NSNC Honoring Brinkley’s Memory

This column originally was published in the April 2014 edition of The Columnist, the members’ newsletter of the National Society of Newspaper Columnists.

President’s Message

By Eric Heyl
National Society of Newspaper Columnists

Eric Heyl

Eric Heyl

He missed writing his column.

In one of the last email exchanges I had with Joel Brinkley, he confided that he was anxious to resume it. Joel put the column on hold in December, when he took a new job as tactical adviser for the Special Inspector General for Afghan Reconstruction in Washington, D.C.

I advised patience. Reminding him that his office had only asked him to take a writing hiatus for several months, I told him he’d be back penning the international affairs column in no time.

Those words would come back to haunt me.

When word came on March 13 that Joel had died suddenly two days earlier, the news hit me like a sucker punch to the gut. As most of you are aware, he left us far too soon at 61, of complications from acute, undiagnosed leukemia.

Joel Brinkley

Joel Brinkley

Over the past few weeks, I’ve read most of the obituaries and tributes to Joel I could find online. One of the best, I thought, came from NSNC member Telly Halkias. If you have yet to read it, the link can be found here, “R.I.P., Joel Brinkley.” Telly mentions meeting Joel at last year’s conference in Hartford, Conn., which is where the NSNC began discussing possible locations for the 2014 conference. Washington, D.C., seemed like a natural choice — and not just because the nation’s capital has an obvious historical allure and is relatively easy to get to for many of our members.

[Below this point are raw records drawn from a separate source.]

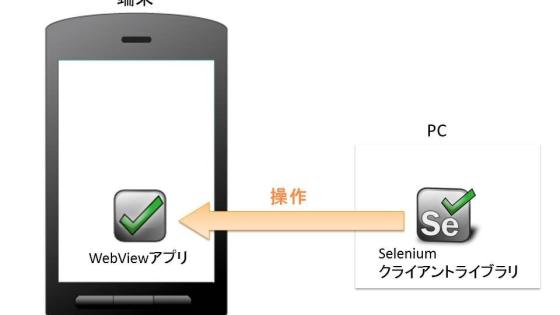 Seleniumのモバイルテストは今どうなっているのか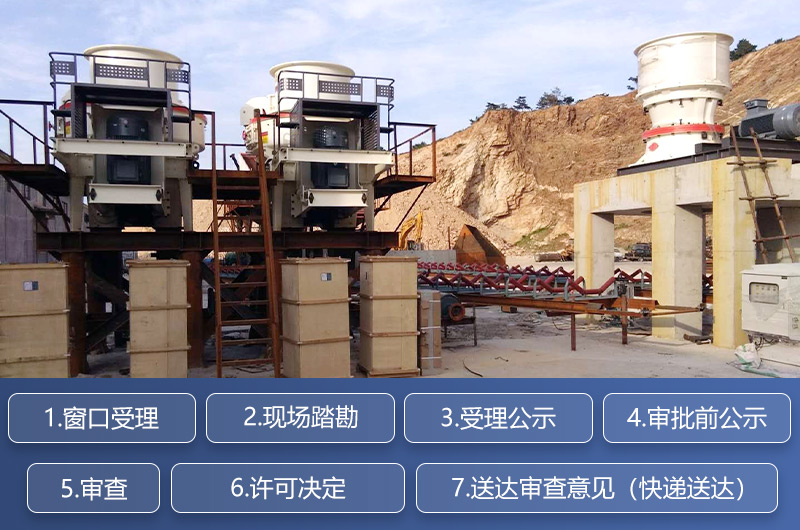 制砂環(huán)評手續審批辦理流程圖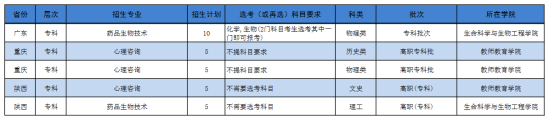 濟寧學院有?？茖I(yè)嗎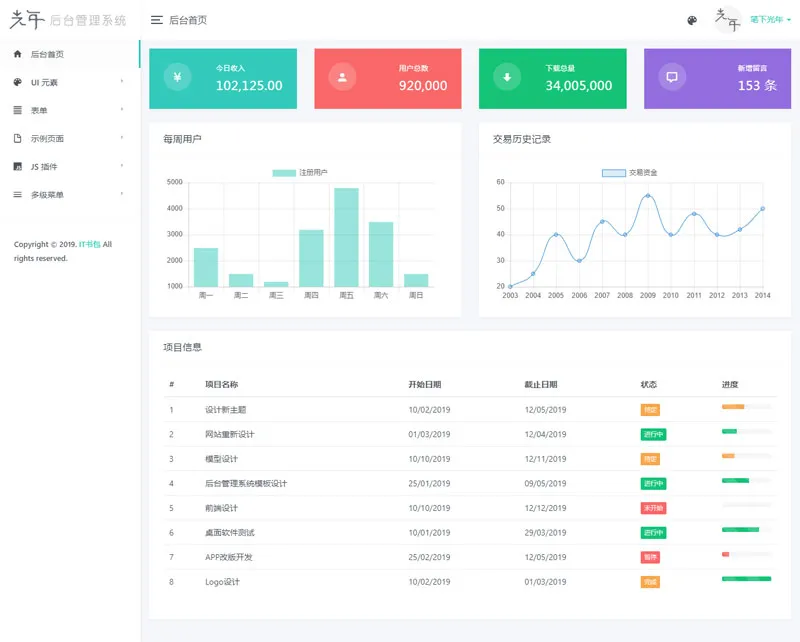 光年(Light Year Admin)网站后台管理系统模板-小酒源码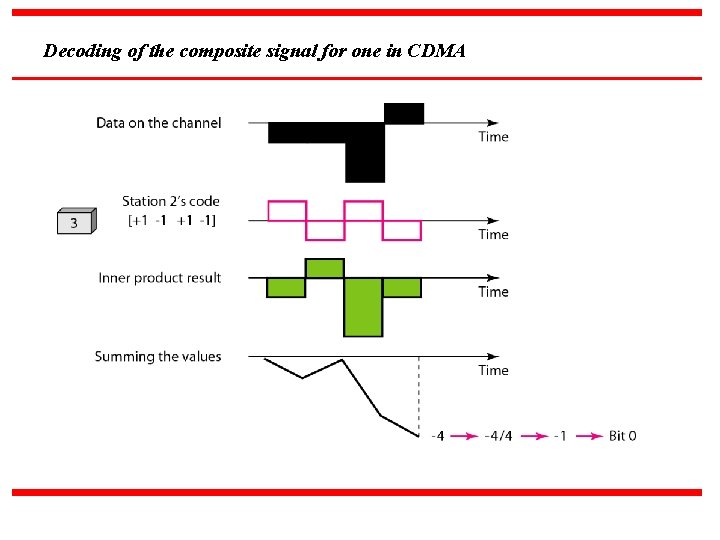 Decoding of the composite signal for one in CDMA 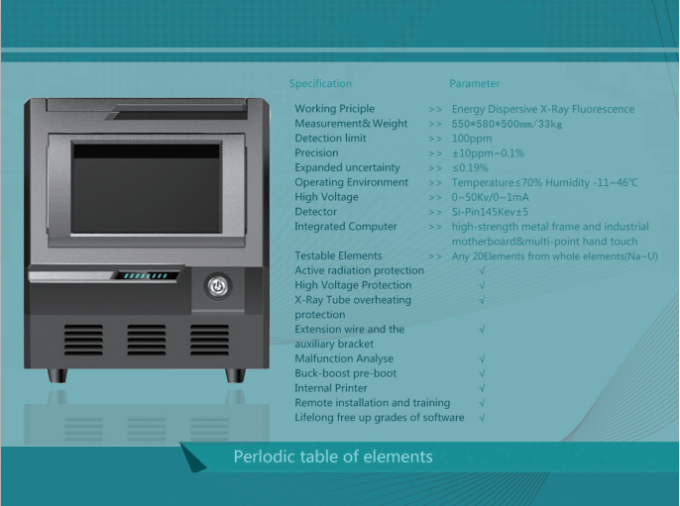EXF9630 Analista de metales preciosos completo de alto rendimiento con espectrómetro XRF
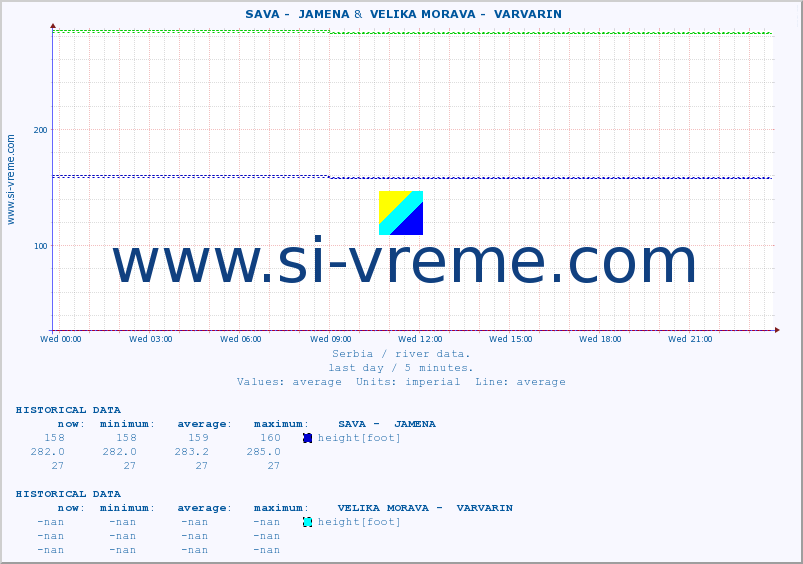  ::  SAVA -  JAMENA &  VELIKA MORAVA -  VARVARIN :: height |  |  :: last day / 5 minutes.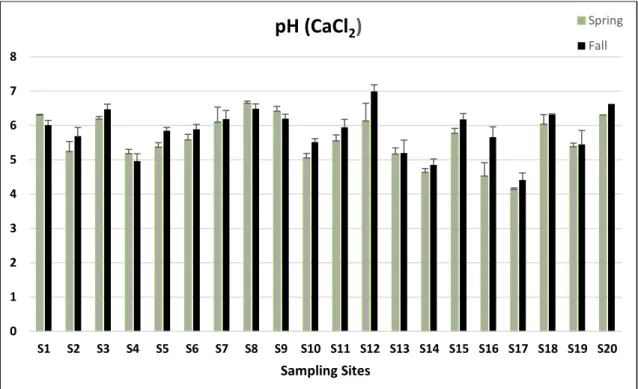 Figure  R2:  Variation  of  Soil  pH  (CaCl2)  (mean  +  SD)  at  each  sampling  site,  during  the  Fall  and  Spring  sampling  campaigns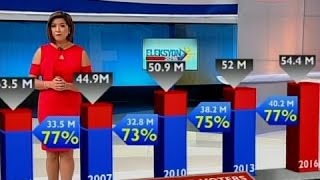 Eleksyon 2016 Registered voters voter turnout Comelec data compiled by GMA News Research [upl. by Eirok]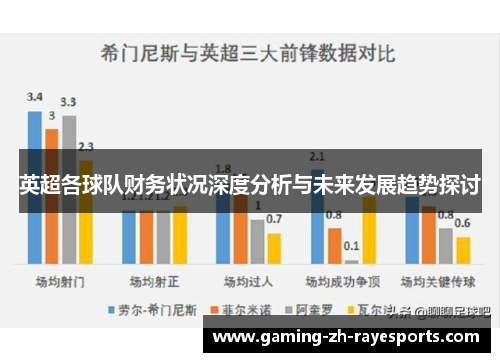 英超各球队财务状况深度分析与未来发展趋势探讨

D.C. was selected largely because Joel, an NSNC board member, knew the city like the back of his hand. He grew up in D.C., held various reporting and editing positions there during his nearly quarter-century with The New York Times, and was eyeing a professional return there. It didn’t matter that Joel was still living and teaching in California when we officially chose Washington as the conference site. He played an integral role in the planning process that began last fall, researching a number of possible venues until recommending the site where we’ll gather June 26-29: The Washington Plaza Hotel, located just blocks from the White House.

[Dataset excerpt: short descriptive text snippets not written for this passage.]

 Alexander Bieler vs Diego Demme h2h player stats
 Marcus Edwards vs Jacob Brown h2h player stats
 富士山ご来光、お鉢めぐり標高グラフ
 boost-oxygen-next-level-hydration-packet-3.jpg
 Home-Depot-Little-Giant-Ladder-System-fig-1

Joel also worked diligently along with other board members in lining up quality speakers for the event even as he pursued a new job. His role in the planning diminished somewhat when he took the new position, but I anticipated he would be actively involved again once he got settled in. Unfortunately, that’s not going to happen. Joel’s gone, and sadly there’s nothing that can be done about that.

But we will honor his memory at the conference.

And if the event is as successful as I hope, it will be in large part because of his efforts.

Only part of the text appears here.